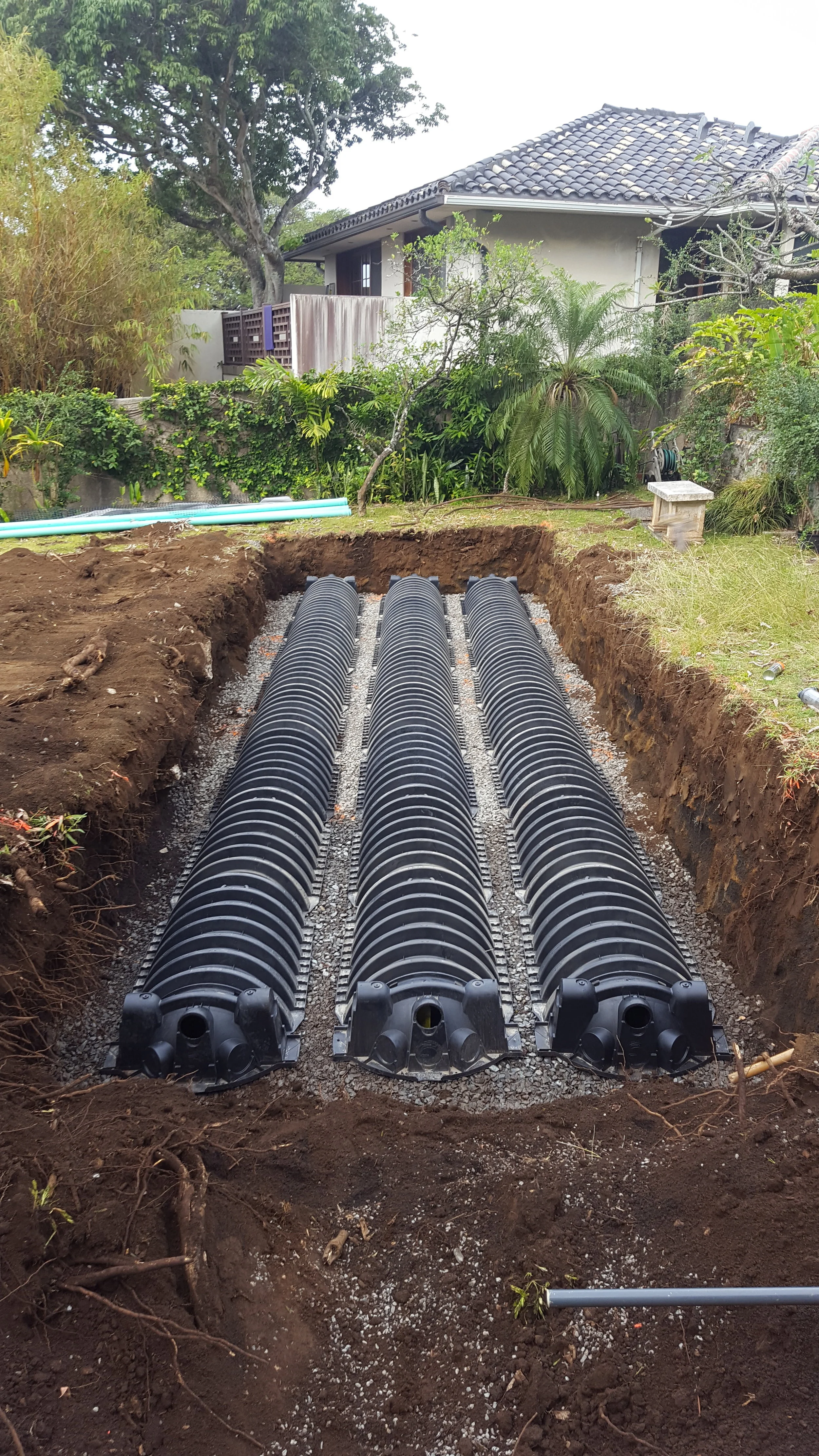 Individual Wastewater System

--

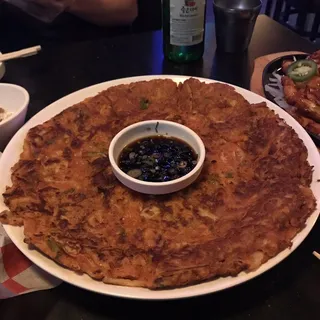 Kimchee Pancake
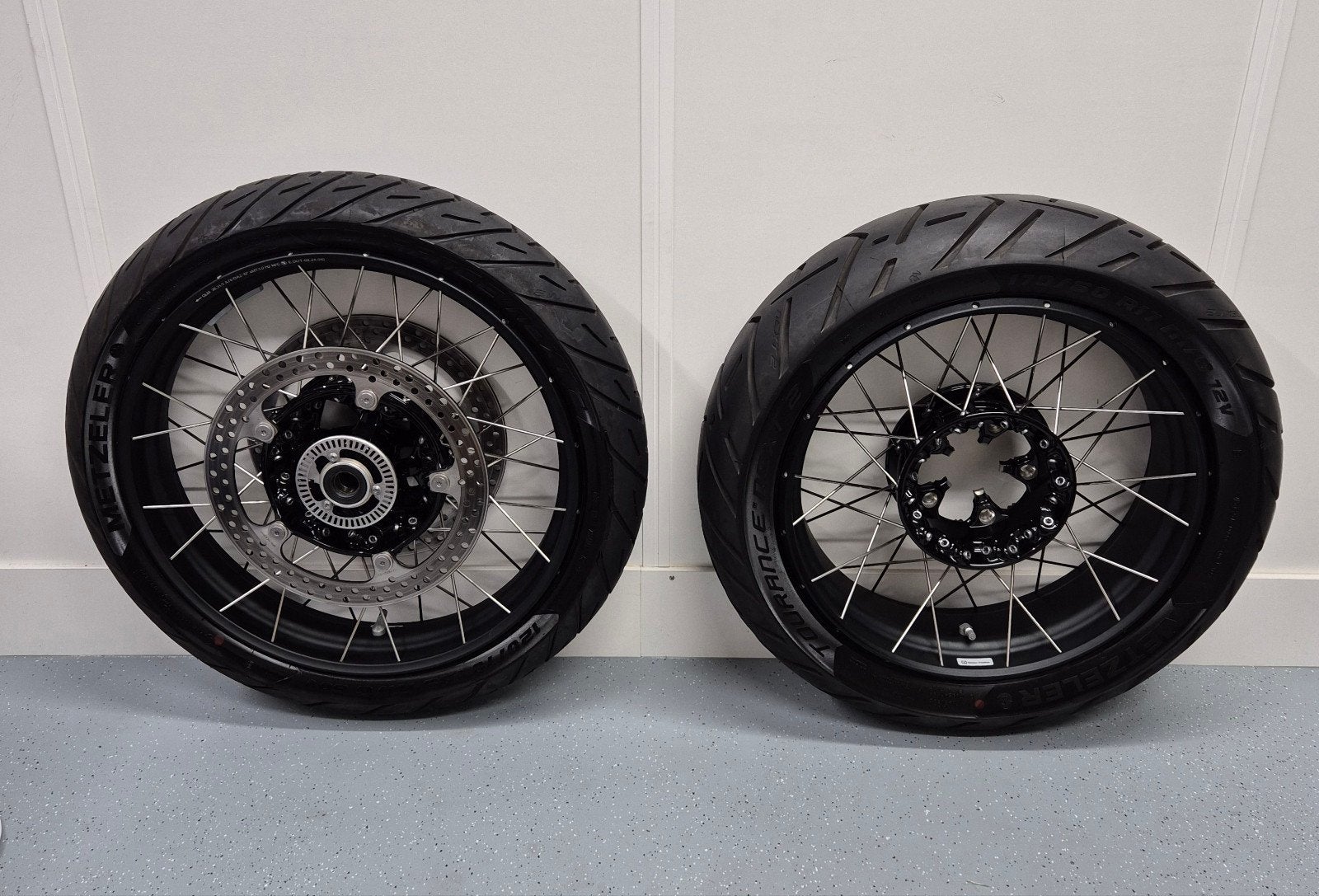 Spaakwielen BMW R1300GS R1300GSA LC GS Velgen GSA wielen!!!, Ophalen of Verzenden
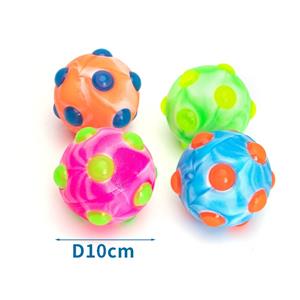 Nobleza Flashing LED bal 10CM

> _Your goal_
Leaving every picture aside, reproduce exactly the lines above from the one with "Kimchee Pancake" up to and including the one with "Nobleza Flashing LED bal 10CM", and no others.

> _Solved problem_
 Kimchee Pancake
 Spaakwielen BMW R1300GS R1300GSA LC GS Velgen GSA wielen!!!, Ophalen of Verzenden
 Nobleza Flashing LED bal 10CM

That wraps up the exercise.